Most queries in web search are ambiguous and multifaceted. Identifying the major senses and facets of queries from search log data, referred to as query subtopic mining in this paper, is a very important issue in web search. Through search log analysis, we show that there are two interesting phenomena of user behavior that can be leveraged to identify query subtopics, referred to as ‘one subtopic per search’ and ‘subtopic clarification by keyword’. One subtopic per search means that if a user clicks multiple URLs in one query, then the clicked URLs tend to represent the same sense or facet. Subtopic clarification by keyword means that users often add an additional keyword or keywords to expand the query in order to clarify their search intent. Thus, the keywords tend to be indicative of the sense or facet.
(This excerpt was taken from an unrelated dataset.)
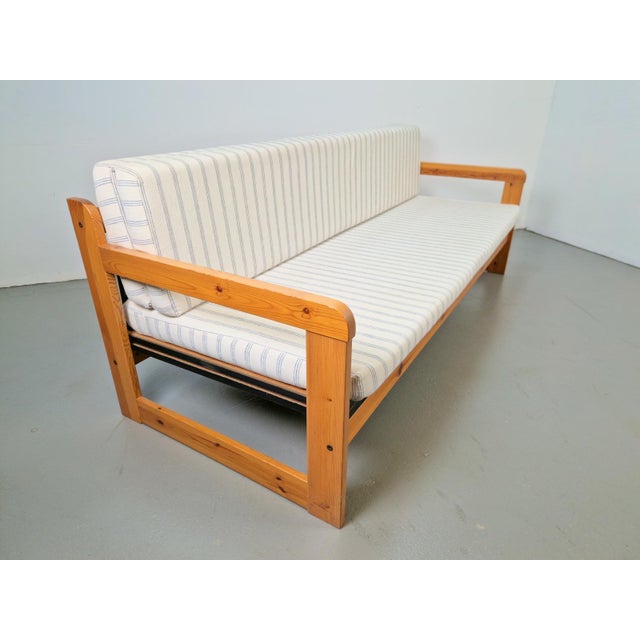 Modern Scandinavian pine sofa bed from the 1970s Dimensions: Height: 199.5 cm, Width: 199.5 cm, Depth: 82 cm, Height: 81...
We propose a clustering algorithm that can effectively leverage the two phenomena to automatically mine the major subtopics of queries, where each subtopic is represented by a cluster containing a number of URLs and keywords. The mined subtopics of queries can be used in multiple tasks in web search and we evaluate them in aspects of the search result presentation such as clustering and re-ranking. We demonstrate that our clustering algorithm can effectively mine query subtopics with an F1 measure in the range of 0.896-0.956. Our experimental results show that the use of the subtopics mined by our approach can significantly improve the state-of-the-art methods used for search result clustering. Experimental results based on click data also show that the re-ranking of search result based on our method can significantly improve the efficiency of users’ ability to find information.